* _Task inputs_:
= Beginning of Section =

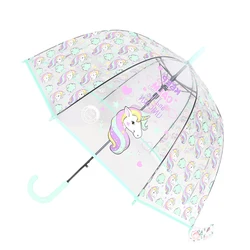 Kids Umbrella Unicorn Transparent Umbrellas Children Laser Umbrella Alpaca Girl Umbrellas Sakura Dropshipping Cute Cartoon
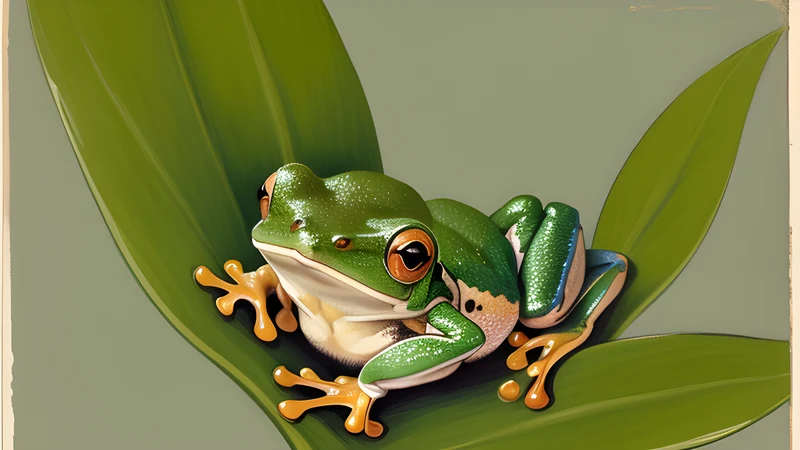 A jewel-bright tree frog on a dewy leaf, vintage poster style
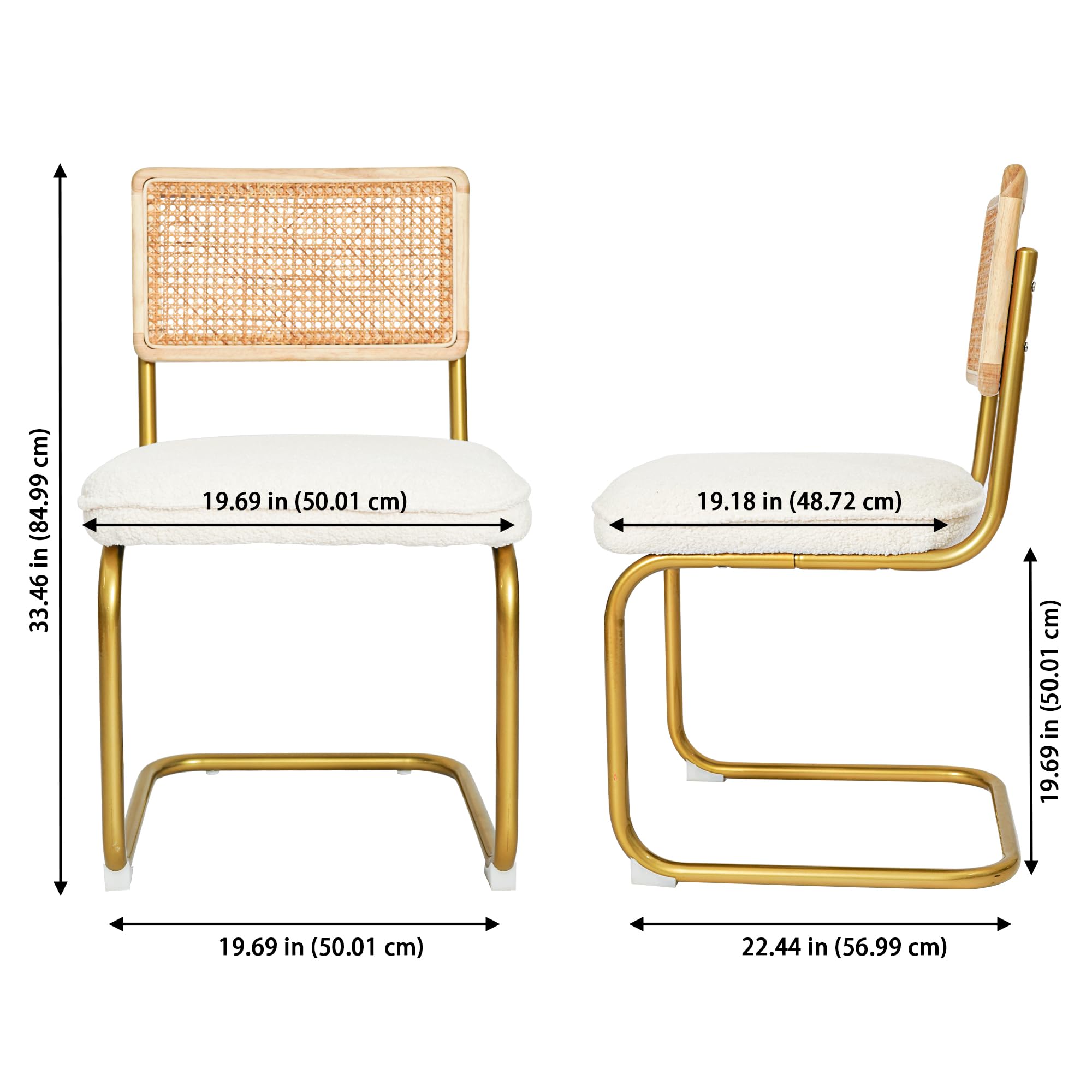 Modern Rattan Dining Chairs Set of 2 - Natural Woven Backrest & Sturdy Metal Legs, Comfortable Fleece Upholstered Armless Side Chairs for Kitchen, Living Room, Study, Office - Cream | Perfect for Home Dining, Coffee Shops, and Cozy Reading Nooks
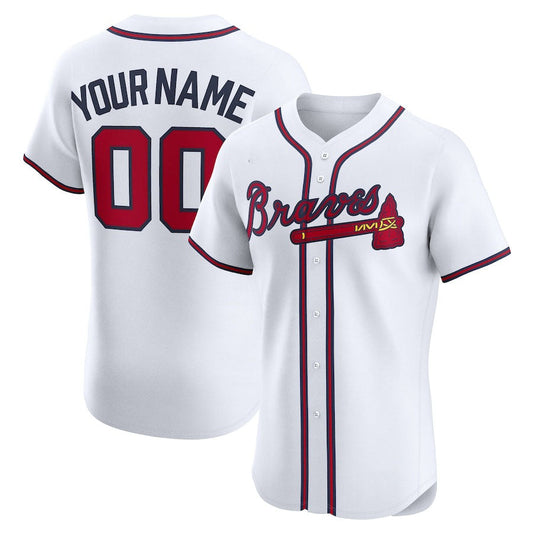Custom Atlanta Braves Home Elite Jersey ¡§C White Baseball Jerseys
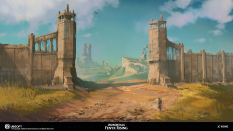 Concept art of Wall Gate from the video game Immortals Fenyx Rising by Jing Cherng Wong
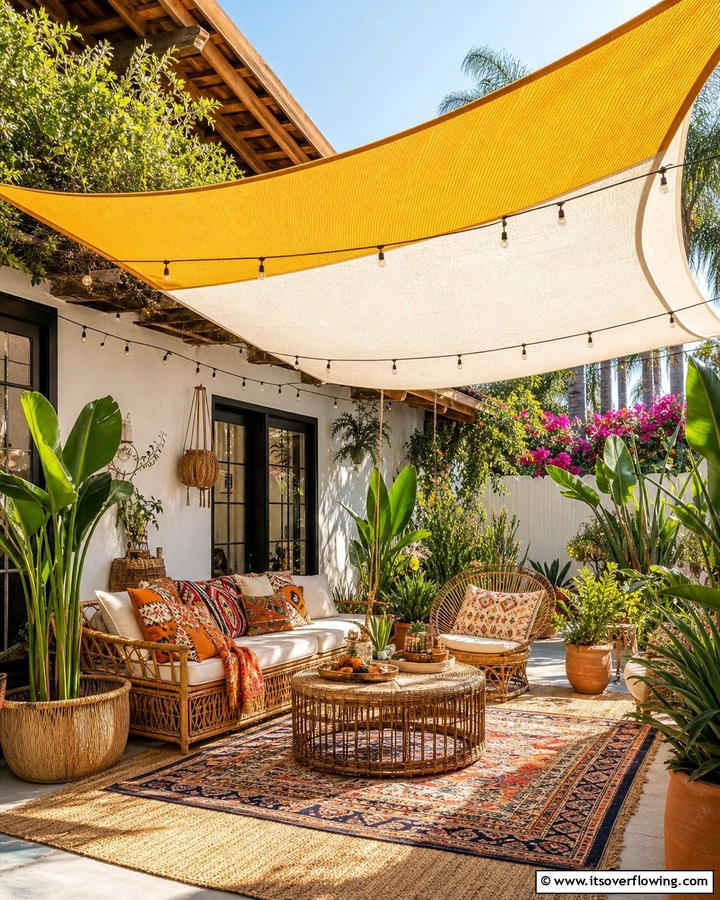 Canopy or Sail Shades - 25 Boho House Exterior Ideas for a Unique and Colorful Look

= End of Section =

* _Activity_: Repeat exactly the lines above, from the line containing "Custom Atlanta Braves" through the last line of the records, inclusive; omit any pictures.

* _Completed exercise_:
Custom Atlanta Braves Home Elite Jersey ¡§C White Baseball Jerseys
 Concept art of Wall Gate from the video game Immortals Fenyx Rising by Jing Cherng Wong
 Canopy or Sail Shades - 25 Boho House Exterior Ideas for a Unique and Colorful Look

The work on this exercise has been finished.